## Import data

In [54]:
import pandas as pd

df = pd.read_csv('train.csv')
df.head()

Unnamed: 0,PassengerId,Survived,Pclass,Name,Sex,Age,SibSp,Parch,Ticket,Fare,Cabin,Embarked
0,1,0,3,"Braund, Mr. Owen Harris",male,22,1,0,A/5 21171,7.25,,S
1,2,1,1,"Cumings, Mrs. John Bradley (Florence Briggs Th...",female,38,1,0,PC 17599,71.2833,C85,C
2,3,1,3,"Heikkinen, Miss. Laina",female,26,0,0,STON/O2. 3101282,7.925,,S
3,4,1,1,"Futrelle, Mrs. Jacques Heath (Lily May Peel)",female,35,1,0,113803,53.1,C123,S
4,5,0,3,"Allen, Mr.
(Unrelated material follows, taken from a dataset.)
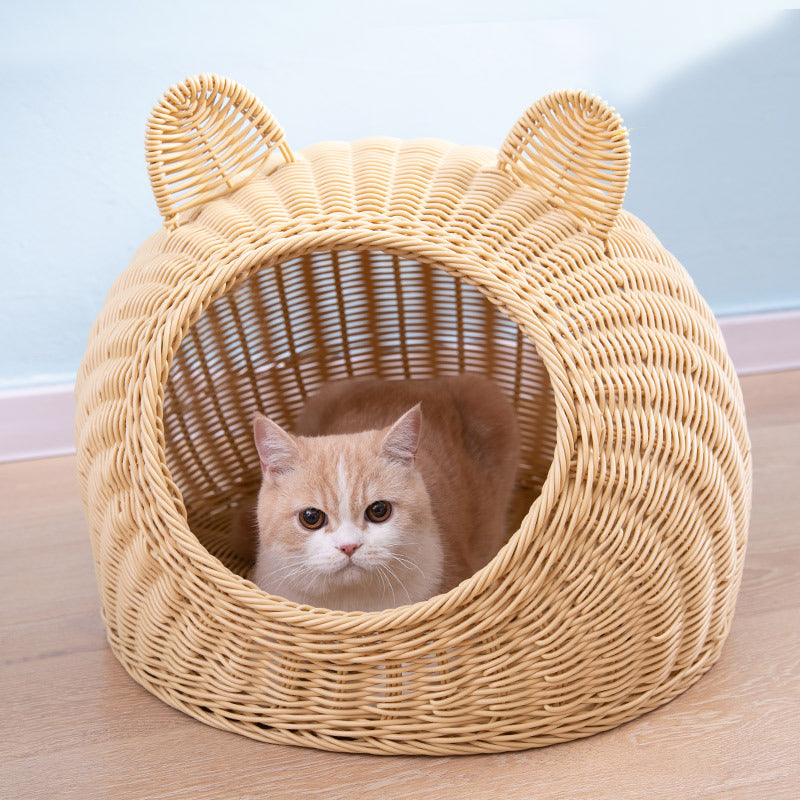 KFX-6290749 Hand-Knitted Semi-Enclosed Cat House - Imitation Rattan Nest in Various Colors and Sizes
William Henry",male,35,0,0,373450,8.05,,S


## Helper function for calculating survival rate

In [68]:
def getRate(group):
    """
    Given a group of passengers, return the survival rate
    """
    if len(group):
        return sum(group.Survived) / float(len(group))
    else:
        return 0.0

## Looking at individual features

In [35]:
males = df[df.Sex == 'male']
females = df[df.Sex == 'female']

print 'Survival Rates by Gender:'
print 'Males ({}):\t'.format(len(males)), getRate(males)
print 'Females ({}):\t'.format(len(females)), getRate(females)

Survival Rates by Gender:
Males (577):	0.188908145581
Females (314):	0.742038216561


I was shocked to see that males had a survival rate of 0.19 while females had a survival rate of 0.74.  I was expecting females to have a higher survival rate because of the saying 'women and children first,' but not by this much.

In [36]:
upper = df[df.Pclass == 1]
middle = df[df.Pclass == 2]
lower = df[df.Pclass == 3]

print 'Survival Rates by Passenger Class:'
print 'Upper ({}):\t'.format(len(upper)), getRate(upper)
print 'Middle ({}):\t'.format(len(middle)), getRate(middle)
print 'Lower ({}):\t'.format(len(lower)), getRate(lower)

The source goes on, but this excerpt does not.